Serve over cooked rice. (To see how to bake perfect brown rice in the oven you can look here.)  I chose to add some wild rice to brown basmati rice for this dish. The two rices have the same cooking times and the black and white rice looks good paired with the the black and white beans. Garnish with cilantro leaves, diced red onion and a wedge of lime.

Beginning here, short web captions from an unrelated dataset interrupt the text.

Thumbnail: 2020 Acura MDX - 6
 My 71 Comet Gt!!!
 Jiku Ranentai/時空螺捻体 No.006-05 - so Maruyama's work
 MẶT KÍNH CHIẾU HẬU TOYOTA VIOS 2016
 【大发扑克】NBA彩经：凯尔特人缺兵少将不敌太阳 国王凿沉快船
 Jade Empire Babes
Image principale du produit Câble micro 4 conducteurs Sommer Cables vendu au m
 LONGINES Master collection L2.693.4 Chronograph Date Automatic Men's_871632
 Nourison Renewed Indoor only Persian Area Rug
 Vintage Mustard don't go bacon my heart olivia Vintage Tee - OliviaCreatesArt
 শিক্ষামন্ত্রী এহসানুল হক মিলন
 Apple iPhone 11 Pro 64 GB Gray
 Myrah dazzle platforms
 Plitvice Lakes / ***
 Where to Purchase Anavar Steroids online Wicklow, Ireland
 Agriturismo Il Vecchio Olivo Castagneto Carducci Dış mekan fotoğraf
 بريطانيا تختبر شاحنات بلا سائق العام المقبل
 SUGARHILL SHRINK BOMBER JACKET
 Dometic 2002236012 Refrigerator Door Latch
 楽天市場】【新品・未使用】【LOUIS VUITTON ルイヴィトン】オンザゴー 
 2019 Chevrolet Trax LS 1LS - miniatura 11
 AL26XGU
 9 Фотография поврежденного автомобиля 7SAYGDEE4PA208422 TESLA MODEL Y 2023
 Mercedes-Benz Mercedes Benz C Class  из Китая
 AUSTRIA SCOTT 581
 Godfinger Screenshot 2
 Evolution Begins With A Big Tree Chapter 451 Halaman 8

This recipe was slightly adapted from one appearing in The Best Recipes in the World by Mark Bittman

and consultation with Amit, my good friend from India

15 Comments Post a comment
  1. having just returned from south India I’m craving more of this. when I get home I’m going to unpack the spices from my rucksack and give it a go. thanks for the inspiration! (ps. am INCREDIBLY jealous of the beautiful plate in your bottom photo!)

    November 23, 2011
  2. This dish looks incredibly delicious to me. I have curry several times a week but I don’t doubt that this dish is superior to what I’m eating. I’ll be sorry to see this series end.
    Also, once again I am compelled to say that the photography is outstanding–in particular, the picture of the skillet with all the spices and flavorings displayed in all their many forms is especially beautifully composed–it pleases my eye so much that I have to remark on it.

    November 23, 2011
  3. Wow! I bet this is utterly delicious. And I learned so much about spices here. I must echo Joe’s comment — that composition is exquisite. I’m so awed by this eye (and this mouth) you have. Thank you.

    November 23, 2011
  4. Oooooh I just adore your photos Spree. You have such a creative talent!

    November 23, 2011
    • Jacqueline, thank you so much!

      November 23, 2011
  5. I love black eyed peas and love how you prepare them here.

    November 23, 2011
    • If you come back around to check comments, let me know how you like to eat black-eyed peas, will you? In a stew? A soup? By themselves? I love ’em too!

      November 23, 2011
  6. Spreesgratefulguineapig #

    This I would say is the portly rodent’s favorite dish in the series to date though they have all been good. This was extremely aromatic and so perfect for a windblown stormy evening.
    Love the visuals in this one Spree, the spice shots are near three dimensional and five sensical!! Your lab coat was so colorful with the dusting of your curry spread about it. Fatboy-fanboy scores it a solid 4.6 on the Portly Rodent Scale.

    November 23, 2011
    • For those of you out there who wonder about the Portly Rodent’s grading system – don’t be put off or at all concerned. Though he gobbles his bowlful up, asks for seconds and licks his little paws after, he’s a notoriously hard grader. If I ever get an A+ from him I’ll begin to worry.
      And to you, Portly Rodent, I’m very happy it took the chill off and that you liked it so much. And thank you for the compliments on my photos. And I bet you can’t wait til tomorrow! Wear your big boy pants! xo,spree

      November 23, 2011
  7. Darlyn #


    November 23, 2011
  8. dosdoodles #

    OMG this looks amazing. Obviously, I have to make this tomorrow night!!

    November 29, 2011
  9. How important is the tamarind paste? In case I can’t find it would the dish be badly compromised without it? Thanks….


    November 29, 2011
    • I think the dish can hold up “fine” without it Ronnie. It won’t be the same…it will lack the deeper color that tamarind paste provides, but that’s not a huge loss. If you’re unable to find it – add fresh lime juice to taste at the same point the recipe calls for the addition of tamarind. The lime will approximate what you’d get from the tamarind. A number of our markets carry tamarind paste though – and in each case it’s very near the red or green curry pastes in the Asian section. hope you find it.

      November 29, 2011
      • Thank you so much, Spree. I haven’t given up, but couldn’t find it locally.Your recipe sounds so heavenly that I must make it NOW!!

        I love your blog; you write beautifully as well as have delicious recipes.